The Boy of the Winds

GBP 12.99

with other stories and poems by Miyazawa Kenji and works by Mori Ogai, Ishikawa Takuboku, Akutagawa Ryunosuke, Dazai Osamu, and Inoue Hisashi. Translation from Japanese and Commentary by Roger Pulvers.

MIYAZAWA KENJI remains not only Japan’s most popular and beloved writer of stories for children and adults but a prescient voice for this century on how we can survive and prevail over the most challenging conditions that we face on this planet. Roger Pulvers writes in his Introduction …

“Kenji’s message is: It is easy to exclude others who are ‘different’ from your circle, but if you exclude others, you exclude yourself, because you are inextricably linked to them; it is easy to be unkind to others, but if you are unkind to others, you are unkind to yourself; it is very easy to kill, but if you kill another person, the person who dies within is yourself.”

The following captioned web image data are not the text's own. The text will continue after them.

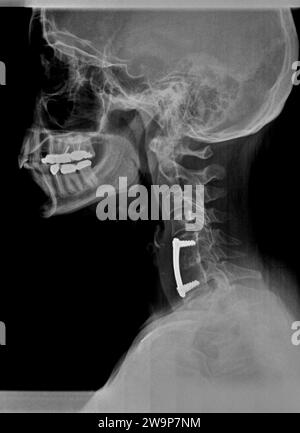 Filmröntgenaufnahme oder Röntgenaufnahme des Halshalses. Seitliche Seitenansicht mit chirurgischer Halterung zur Stabilisierung des Nackens des Patienten Stockfoto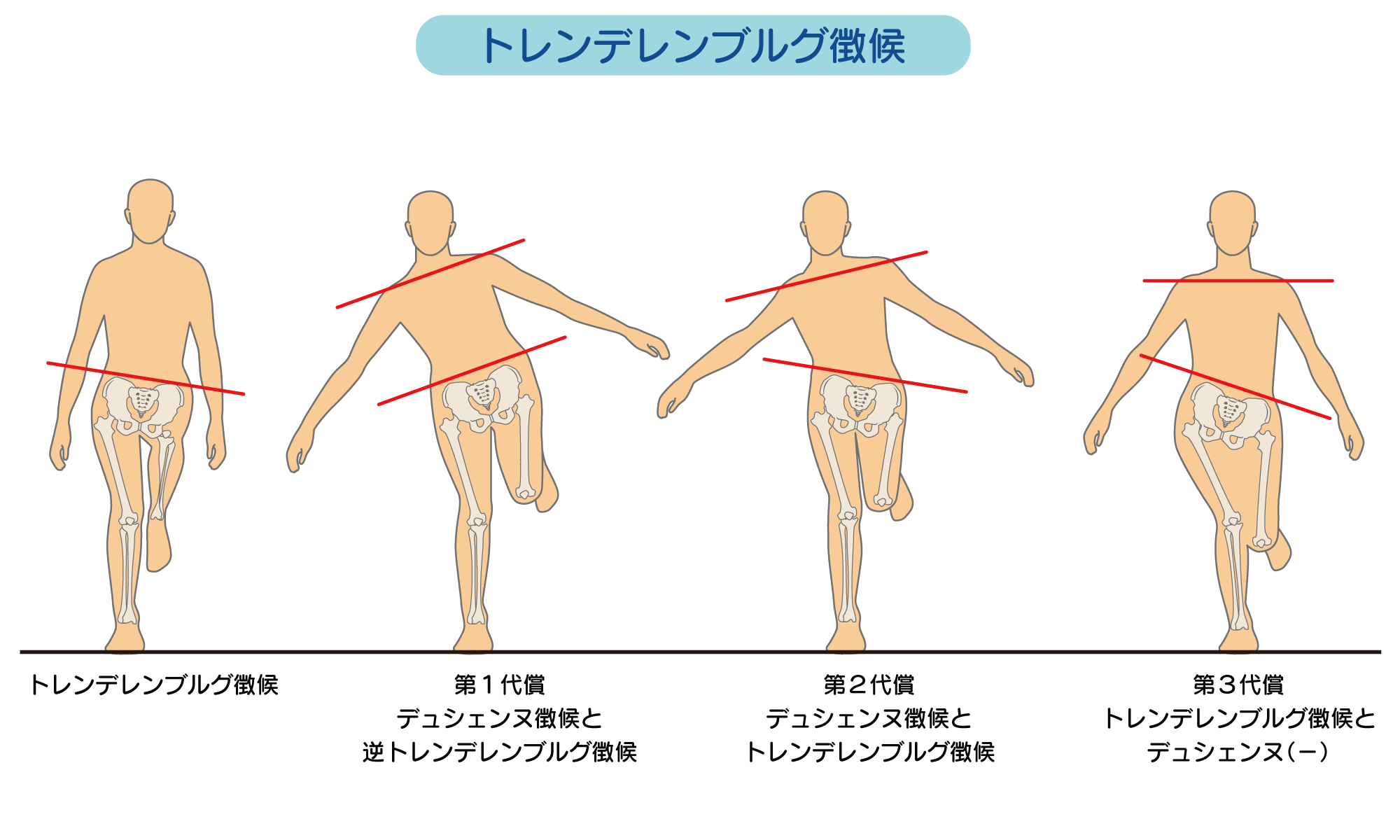 中臀筋を鍛えて歩行や片足立を安定させよう 中臀筋の役割とトレーニング Ayumi Eye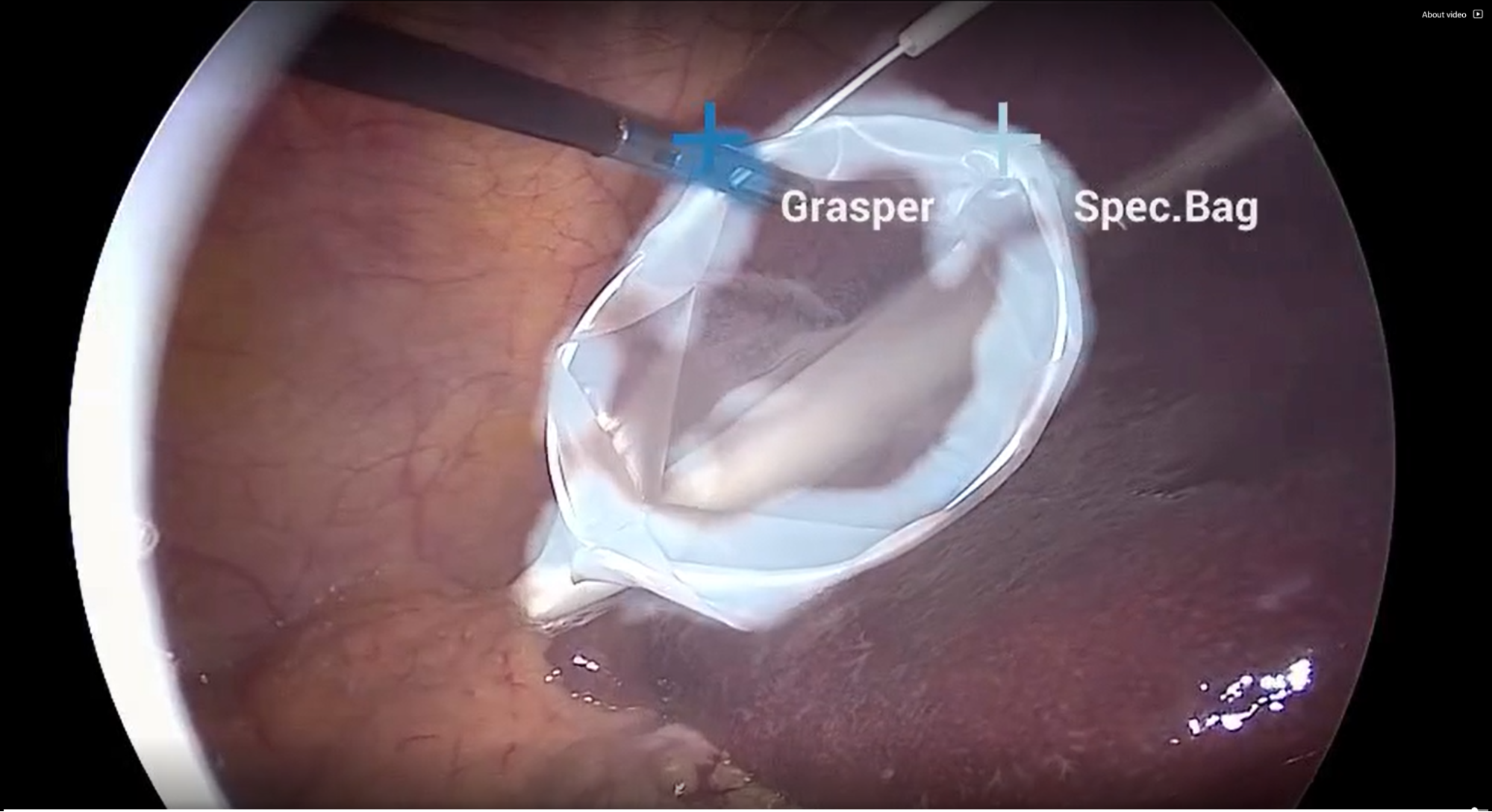 Frame by frame identification and tracking in endoscopy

“Destroy nature in any or all of its qualities and we destroy human goodness, compassion and love. No Japanese understood this more profoundly than Miyazawa Kenji, and the people of the world need to know that.”

In this new collection, acclaimed author, translator and film director Roger Pulvers presents, in masterful translations, some of Miyazawa Kenji’s most well-known stories. In “The Boy of the Winds” the wind arrives in a village in the form of a boy, Matasaburo, bringing, with great compassion, a warning over the abuse of nature by humans. In “The Bears on Mt. Nametoko,” the fate of the king of the mountains, Kojuro, becomes that of the bears he hunts. And in the exquisitely poignant “Barefeet of Light” two young brothers face the cruelest hardships … and the message Kenji gives us is always one of devotion and love.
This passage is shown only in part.